Détresse psychologique des enseignants : à qui de s’adapter ?

Une étude menée par madame Nathalie Houlfort de l’École nationale d’administration publique auprès de 2400 enseignants du primaire et du secondaire au Québec révèle un taux de détresse psychologique considérable. Une entrevue a été réalisée avec la chercheuse à la radio de Radio-Canada hier (ici pour l’écouter).

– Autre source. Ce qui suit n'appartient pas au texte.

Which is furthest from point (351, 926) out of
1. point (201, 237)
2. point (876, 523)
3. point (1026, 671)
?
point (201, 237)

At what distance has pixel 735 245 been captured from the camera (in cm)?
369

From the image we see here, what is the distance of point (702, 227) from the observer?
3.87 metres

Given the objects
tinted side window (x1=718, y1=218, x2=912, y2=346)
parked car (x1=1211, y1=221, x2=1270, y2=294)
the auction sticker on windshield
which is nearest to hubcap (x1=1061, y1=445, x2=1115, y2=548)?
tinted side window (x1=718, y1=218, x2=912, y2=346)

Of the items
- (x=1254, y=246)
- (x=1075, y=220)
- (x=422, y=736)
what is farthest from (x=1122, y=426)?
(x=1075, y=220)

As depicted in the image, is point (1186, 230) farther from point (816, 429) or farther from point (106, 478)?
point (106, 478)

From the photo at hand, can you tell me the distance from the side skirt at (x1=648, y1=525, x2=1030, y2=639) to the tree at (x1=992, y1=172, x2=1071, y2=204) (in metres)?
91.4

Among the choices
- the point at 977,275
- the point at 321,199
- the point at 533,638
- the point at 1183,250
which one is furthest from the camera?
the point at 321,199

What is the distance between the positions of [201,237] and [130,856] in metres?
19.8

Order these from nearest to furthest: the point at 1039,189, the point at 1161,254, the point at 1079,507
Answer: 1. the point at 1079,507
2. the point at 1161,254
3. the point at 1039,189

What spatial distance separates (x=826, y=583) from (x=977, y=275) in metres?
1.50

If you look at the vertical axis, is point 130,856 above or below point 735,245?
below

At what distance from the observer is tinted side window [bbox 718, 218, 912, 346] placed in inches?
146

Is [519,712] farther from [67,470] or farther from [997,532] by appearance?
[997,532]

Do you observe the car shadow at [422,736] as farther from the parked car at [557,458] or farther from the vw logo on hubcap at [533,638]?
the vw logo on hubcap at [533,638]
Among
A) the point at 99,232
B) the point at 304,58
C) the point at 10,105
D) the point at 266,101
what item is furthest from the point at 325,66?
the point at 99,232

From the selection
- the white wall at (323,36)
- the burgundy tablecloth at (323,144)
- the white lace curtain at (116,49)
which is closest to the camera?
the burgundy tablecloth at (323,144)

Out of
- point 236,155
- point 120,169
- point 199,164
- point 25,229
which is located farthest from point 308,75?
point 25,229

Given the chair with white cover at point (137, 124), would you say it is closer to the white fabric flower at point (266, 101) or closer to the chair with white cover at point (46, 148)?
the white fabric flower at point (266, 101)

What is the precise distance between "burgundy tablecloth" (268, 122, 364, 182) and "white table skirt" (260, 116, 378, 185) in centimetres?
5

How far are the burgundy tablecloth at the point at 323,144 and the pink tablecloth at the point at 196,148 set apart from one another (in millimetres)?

Selon cette étude, 19% des enseignants qualifient de “moyenne” ou “médiocre” leur santé mentale, étant affectés par le stress, la surcharge de travail et un manque d’autonomie professionnelle. Dans la population en général, ce taux est de 8,1% (donnée de l’Institut de la statistique du Québec). Les enseignants seraient donc deux fois plus affectés que les autres personnes de la population active.

Toujours selon cette étude, près de la moitié des enseignantes et enseignants vivent de l’anxiété, 60 % présentent des symptômes d’épuisement professionnel au moins une fois par mois, et plus de 20 % en font l’expérience au moins une fois par semaine.

Étant donné qu’elle rapporte un fort engagement des enseignants dans leur travail (”ils aiment enseigner, ils aiment leurs élèves, ils sont passionnés de leur travail”) la chercheuse explique ce taux élevé de détresse psychologique par différents facteurs de nature organisationnelle.

Voici les trois principaux :

1. La charge élevée de travail : ce facteur inclut le manque de temps de préparation des cours et des activités, le manque de temps pour la correction, qui doit souvent être faite à la maison, le temps élevé consacré à des tâches administratives (formulaires, plans d’intervention, bulletins) et le “rythme effréné” des semaines de travail.

2. Les problèmes de gestion de classe : l’énergie consacrée à faire la discipline bien sûr mais surtout “l’ambiguité administrative”(le manque de soutien de la direction) associé à cet aspect du travail.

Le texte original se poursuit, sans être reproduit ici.